Union complaints about feckless parents, unruly pupils and teachers’

workloads have damaged teacher morale and the standing of the profession, according to Chris Woodhead.

The former chief inspector said unions’ portrayal of school life has done more to damage the profession than his criticism of underperforming schools and incompetent teachers.

He accused union leaders of “truculence, complacency and hypocrisy, (which) over the years has done real damage to the teaching profession”.

Their “self-righteous protestations” against government policies such as league tables and Ofsted inspections have cost teachers the sympathy of the public and key opinion formers, he said.

“When did you last hear a representative of a teacher union telling teachers and the general public that teaching is the best job in the world?” he said. “Personally, I don’t think I ever have. The image of teaching that is presented by the teacher unions is invariably and depressingly bleak.”

By contrast, Mr Woodhead, who refused to join a union when he began his career as a teacher in 1969, said he had made every effort to praise schools’ successes when he was chief inspector.

His comments were made in an article in the April edition of Report, the magazine of the Association of Teachers and Lecturers, to co-incide with the union’s annual conference in Gateshead next week.

Mr Woodhead was also critical of the General Teaching Council, which he accused of going native and failing to offer the independence and authority of the British Medical Council (sic).

Mary Bousted, ATL general secretary, said: “I think Mr Woodhead should examine his own conscience before he brands others as truculent and complacent.

“Certainly, he should consider whether there has been any statement more damaging to teacher morale than his sweeping and unfounded allegation that there were 15,000 incompetent teachers.”

The ATL conference, which begins on Monday and finishes on Thursday, is the first of the three major teacher-union conferences during the Easter period.

The NASUWT will meet at the Birmingham international conference centre from Tuesday to Saturday, and the National Union of Teachers will gather in Torquay on Good Friday.

The leaderships of both the ATL and the NASUWT will face activists who are critical of their decisions to engage in social partnership with the Government.

These unions, and the employers, collaborate with the Government in decisions on pay and conditions. NASUWT members from Cannock and Mid-Staffordshire, Cornwall and Devon plan to criticise the union for appearing too passive.
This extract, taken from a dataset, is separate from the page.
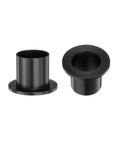 Heavy Duty 8 Pack Black Pom Flanged Sleeve Bearings with 25 Mm Bore, 28 Mm OD and 30 Mm Length for smooth rotation.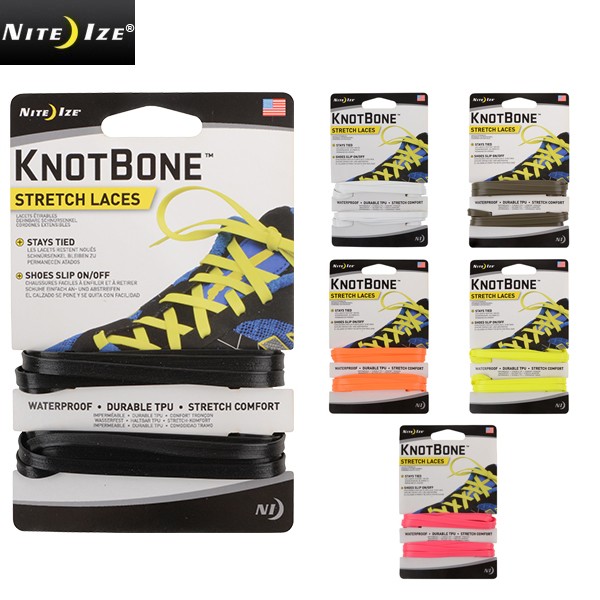 ★カートで割引対象品★NITE IZE ナイトアイズKNOT BONE STRETCH SHOE LACE ノットボーンストレッチシューレース【T】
They say it should “reassert the traditional values of independent trade unionism” and threaten to pull out of the arrangement.
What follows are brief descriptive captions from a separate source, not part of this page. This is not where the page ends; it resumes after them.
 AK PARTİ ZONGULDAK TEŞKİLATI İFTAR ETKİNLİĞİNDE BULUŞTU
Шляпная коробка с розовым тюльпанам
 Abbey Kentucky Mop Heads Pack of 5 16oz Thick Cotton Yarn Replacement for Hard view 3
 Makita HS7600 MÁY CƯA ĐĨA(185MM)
The union’s leaders will counter with a motion saying its decision to join in “social partnership” with the Government has given teachers more time to prepare for lessons and do their marking.

Ruth Kelly, the Education Secretary, will address the NASUWT on Thursday, two days after her deputy Jacqui Smith speaks to ATL members in Gateshead.
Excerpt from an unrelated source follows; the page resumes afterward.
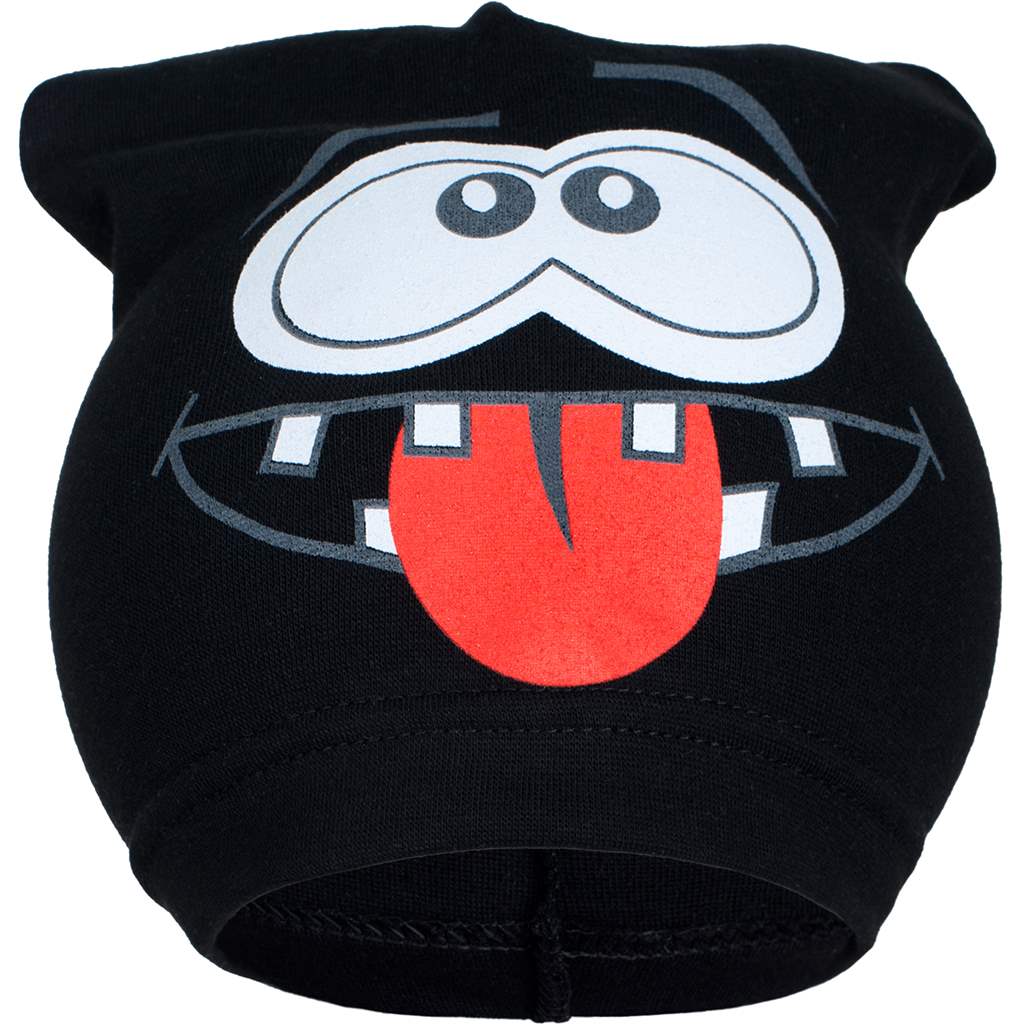 Jarná detská čiapočka New Baby smejko čierná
Delegates attending the NUT conference in Torquay will have to do without a ministerial presence after the union decided for the second year running not to invite the political parties’ education spokespeople. It will be the third consecutive NUT conference without a minister after the Government boycotted the 2004 conference following the union’s failure to sign the workforce agreement.

Key topics of debate at the conferences will include the education Bill, faith schools and pupil behaviour.

It appears that the NASUWT conference will be more dominated than usual by behaviour matters. Four of the seven scheduled motions relate to behaviour, with debates planned on violent and disruptive pupils, behaviour management support for newly qualified teachers, violence in the workplace and bullying within management.